Problem
All of the data below must be reproduced word for word, but without its images.

Data section
------------------------------------------------
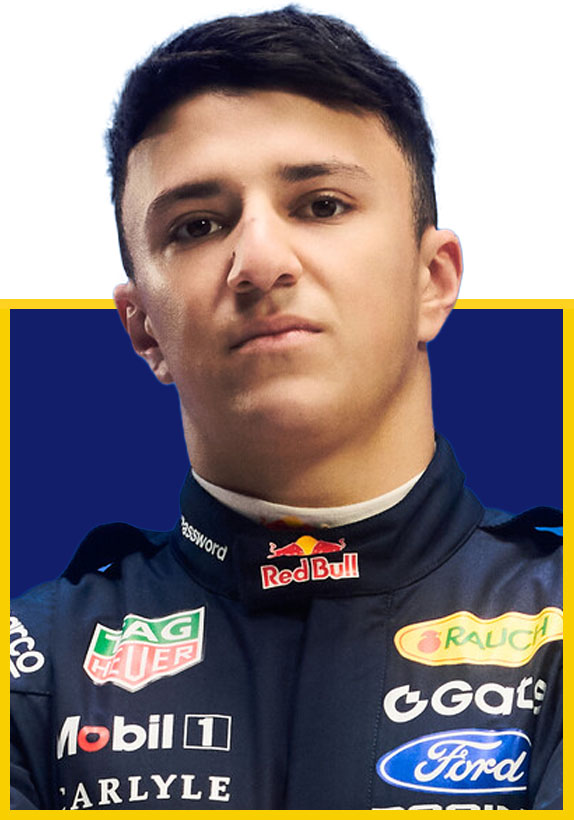 Ayzek Həcər Ayzek Həcər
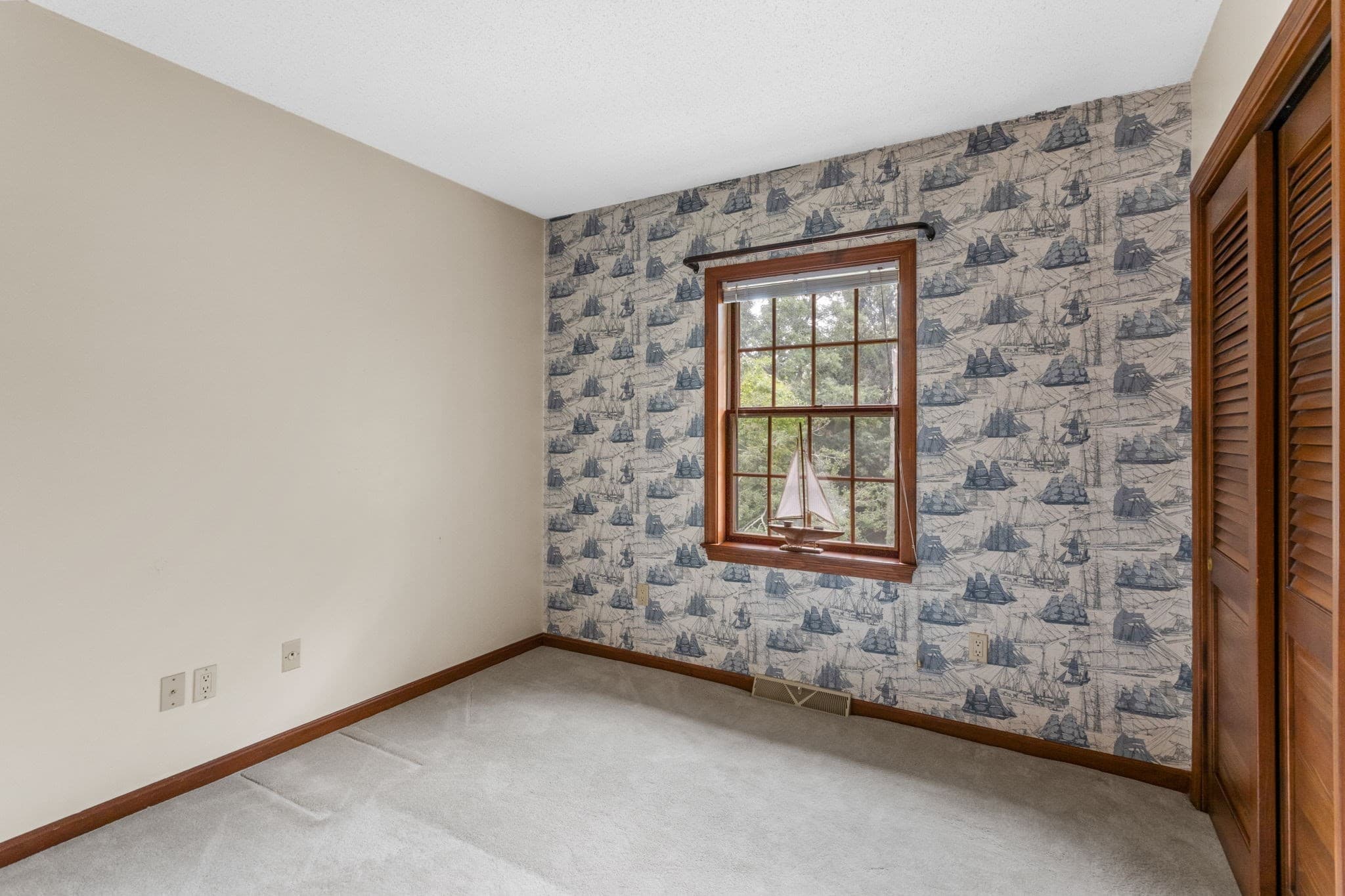 Single Family Residence at 2 Robin Rd, Sandwich MA 02563, Sandwich, photo 18 of 42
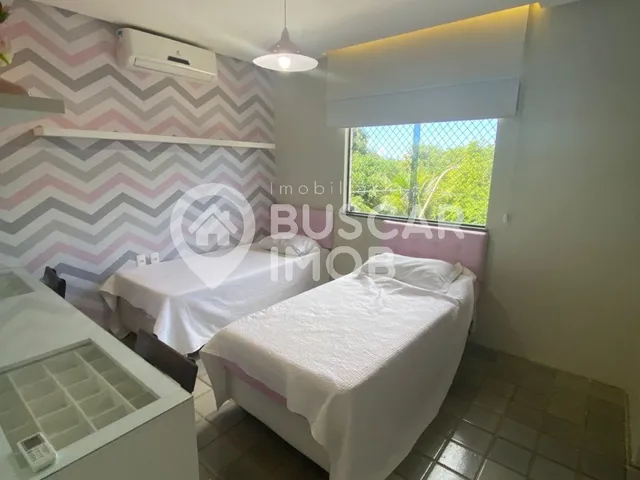Imagem 11: CASA RESIDENCIAL em LAURO DE FREITAS - BA, VILAS DO ATLÂNTICO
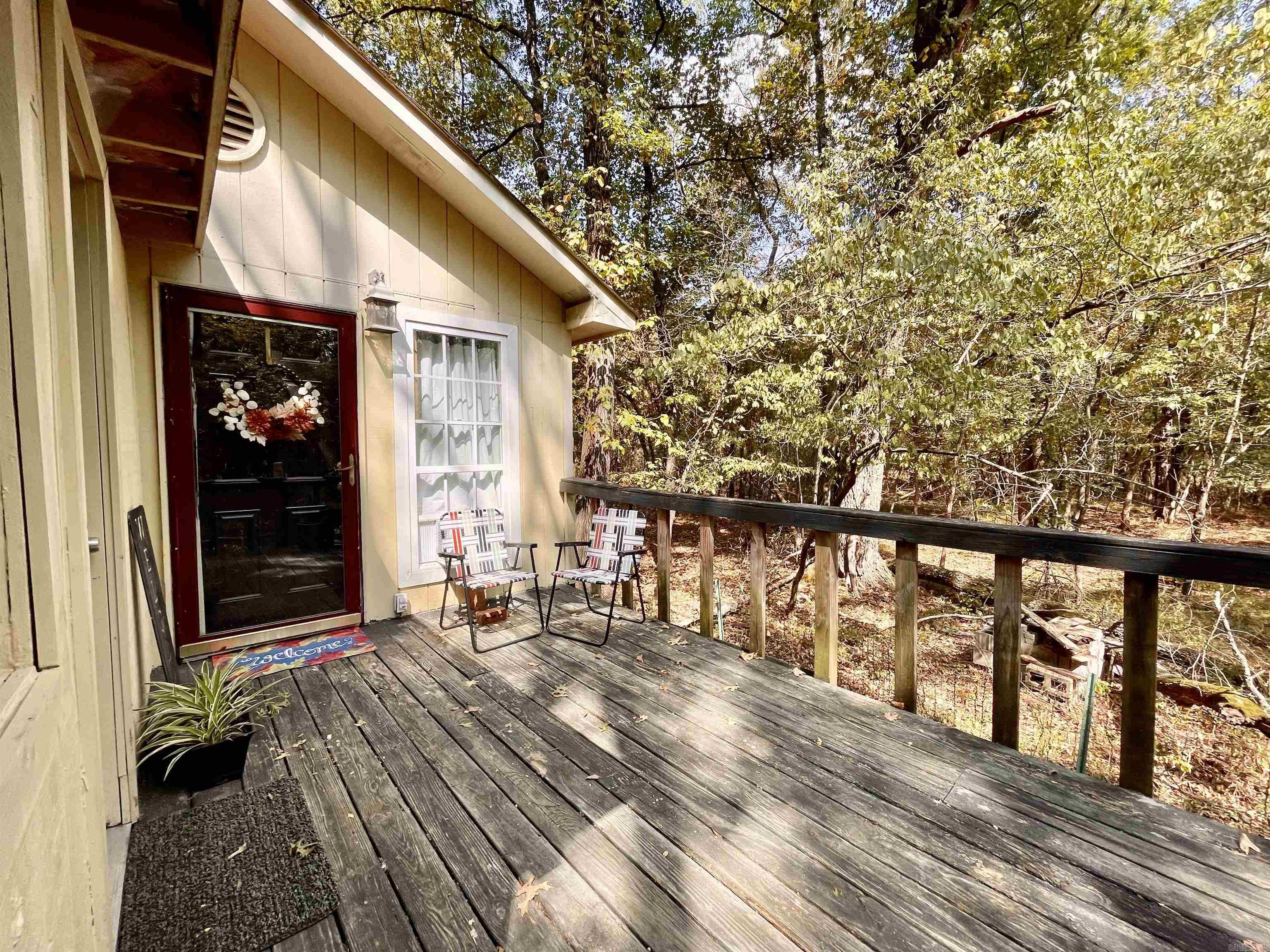 WYLDE WOOD VILL - Residential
------------------------------------------------
Result of the task
 Ayzek Həcər Ayzek Həcər
 Single Family Residence at 2 Robin Rd, Sandwich MA 02563, Sandwich, photo 18 of 42
Imagem 11: CASA RESIDENCIAL em LAURO DE FREITAS - BA, VILAS DO ATLÂNTICO
 WYLDE WOOD VILL - Residential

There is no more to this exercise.